= Beginning of Section =

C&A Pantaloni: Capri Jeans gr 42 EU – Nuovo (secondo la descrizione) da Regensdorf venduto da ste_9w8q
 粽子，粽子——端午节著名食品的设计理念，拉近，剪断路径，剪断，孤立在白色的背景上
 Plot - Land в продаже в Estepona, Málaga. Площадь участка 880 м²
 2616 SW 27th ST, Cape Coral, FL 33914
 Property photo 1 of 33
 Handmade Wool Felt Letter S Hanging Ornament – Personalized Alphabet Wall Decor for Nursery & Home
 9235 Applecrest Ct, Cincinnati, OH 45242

= End of Section =
= Beginning of Section =

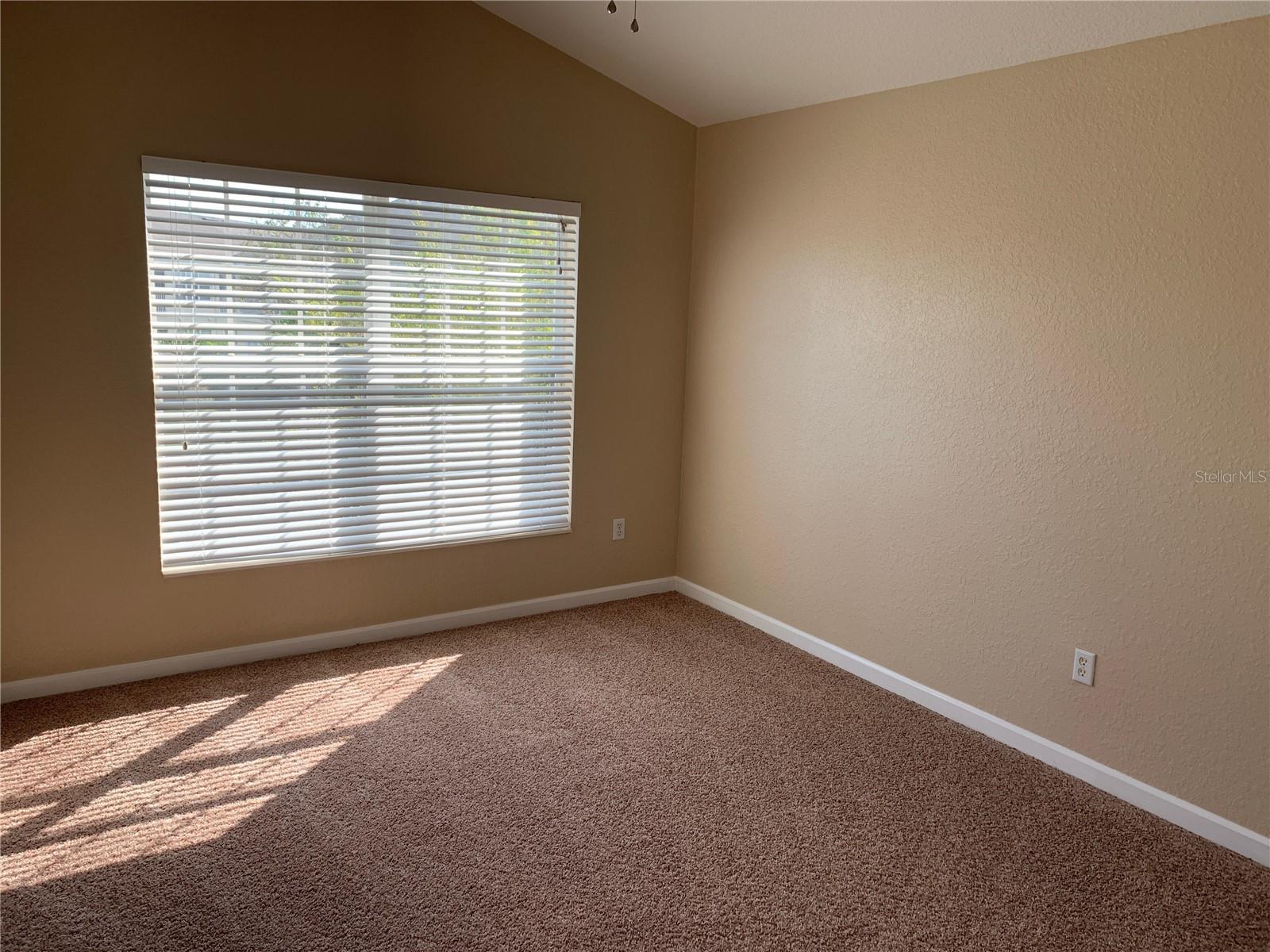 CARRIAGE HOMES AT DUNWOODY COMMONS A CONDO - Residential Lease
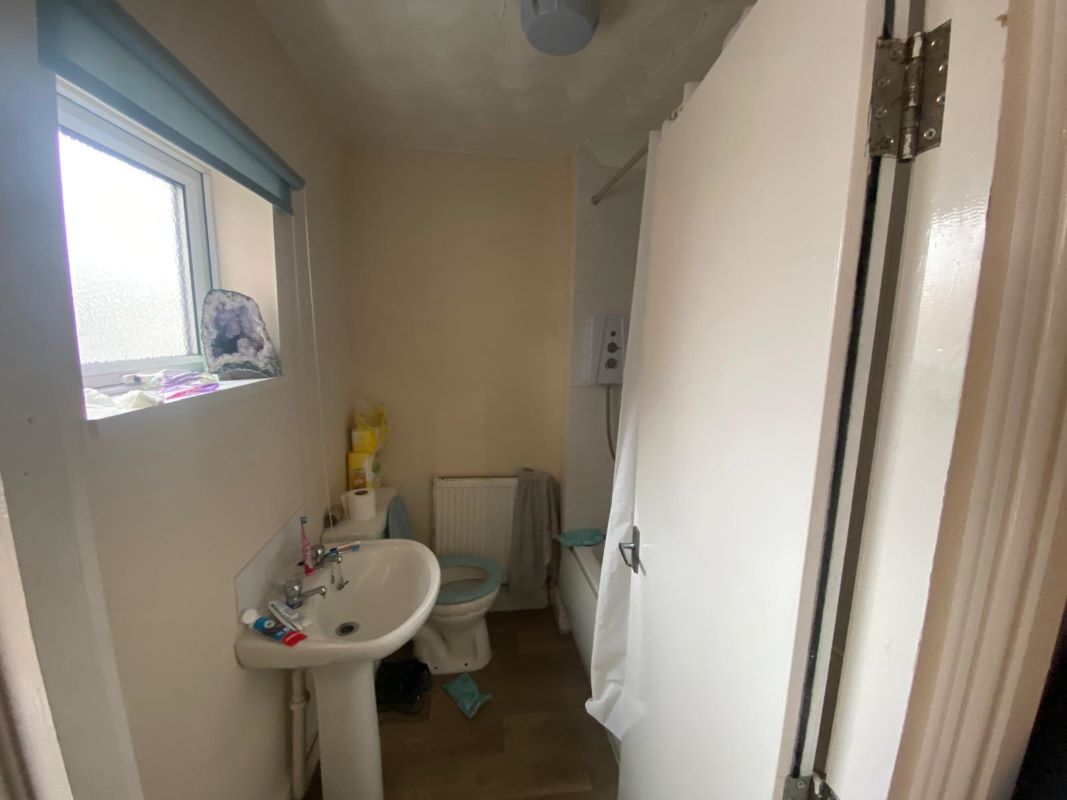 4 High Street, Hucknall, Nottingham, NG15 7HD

= End of Section =

[Directions for this task] Your answer should be the lines above from the one containing "Plot - Land" through the one containing "9235 Applecrest Ct, Cincinnati, OH 45242", copied exactly and with both ends kept.

[Result for this exercise]
 Plot - Land в продаже в Estepona, Málaga. Площадь участка 880 м²
 2616 SW 27th ST, Cape Coral, FL 33914
 Property photo 1 of 33
 Handmade Wool Felt Letter S Hanging Ornament – Personalized Alphabet Wall Decor for Nursery & Home
 9235 Applecrest Ct, Cincinnati, OH 45242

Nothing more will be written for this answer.